JD: I don’t have a specific recipe, but I am very attached to craftsmanship and natural materials. I work a lot with stone or marble or wood, but I love the idea of natural materials that the craftsmen who work with us transform; that they transform what nature has given us.
Left: Georges Jouve, "Cylindre" vases. Right: Serge Mouille, "Grand Totem" floor lamp. Design New York.
P: You come from a design family. Can you talk about that and how it influenced you?
JD: Yes, my father was an important photographer of architecture and interior design – he collaborated with most of the magazines and art books in the field, so it gave me the opportunity to grow up in a very specific environment. I was around thousands of pictures of houses across historical and contemporary projects. It gave me a wide range of cultural information from a very young age. It’s part of my foundation, and I think it’s given me more flexibility for what I’m doing today, which is trying to do projects based on something historic, and how to translate that history into something that belongs to our time.
My mother was a fashion designer, so while it might not be directly connected to my field, she loved to go to the market and our house was full of vintage pieces, so I really grew up surrounded by design. My parents’ friends were painters, sculptors, designers, photographers, and so on, which of course influenced me to become myself.
P: Walk us through some of the pieces in the collection. Which of the works do you find particularly inspirational?
JD: It’s interesting because the work I’ve done for the client happened two separate occasions.
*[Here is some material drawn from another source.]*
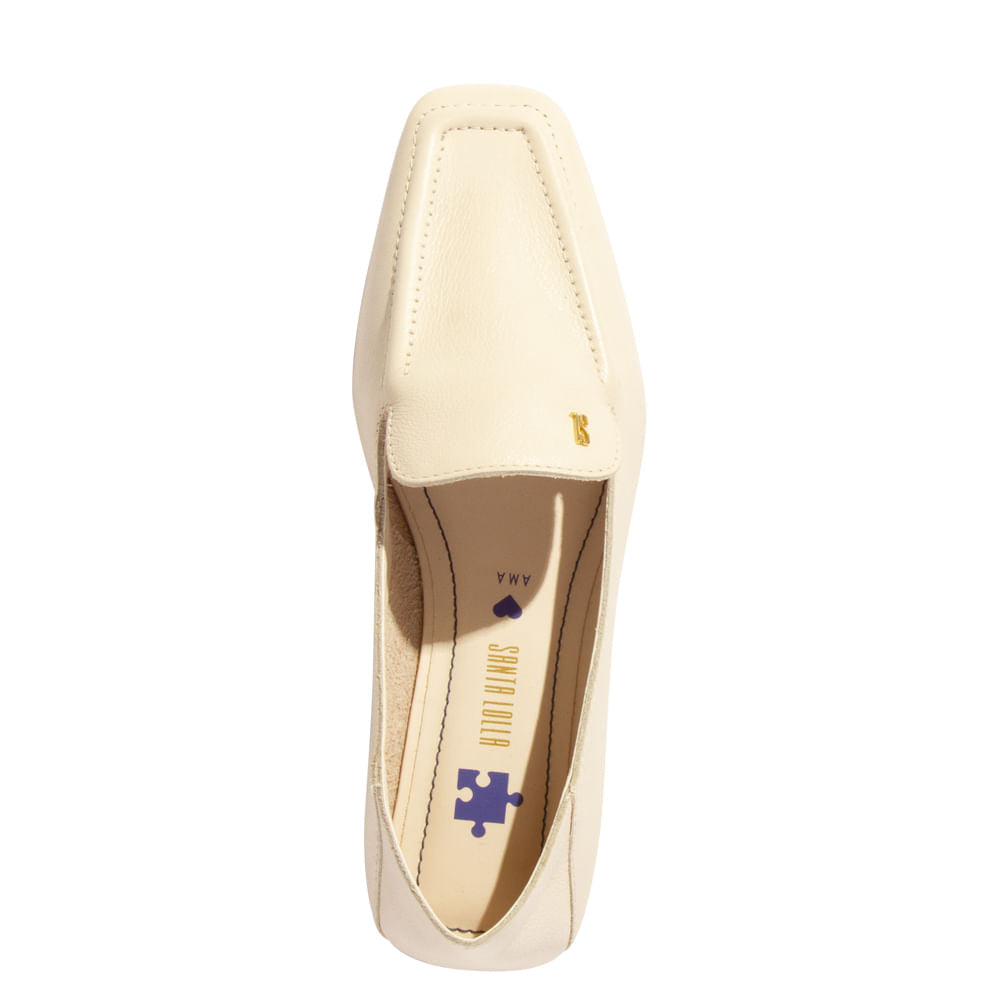 Mocassim Santa Lolla Off White Couro Bico Quadrado Ama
The first time I did the apartment, it was very minimal with not many pieces around the space. One of the first we bought was a black André Arbus table – the apartment at that time was completely black and white. The first 1950s piece we bought was the Jouve, also black and white. At the beginning, the client was not interested in collecting pieces from the period, but because that black and white theme was recurrent in the collection, we began to work with more of them. When we returned a few years later, the space became a family apartment, so we brought in pieces with more warmth, and little by little, the client became very interested in 50s pieces. We worked together to find beautiful works – it's not something you can do quickly, so you have to keep your eyes and ears open to find the right piece from these designers that I love. I’m constantly collecting pieces by those designers. I think the dining table in ebonized wood is beautiful because it’s quite rare to find a Perriand table in that finish. I also love the CPDE armchair; it’s likewise rare to find a piece like this and the design is amazing.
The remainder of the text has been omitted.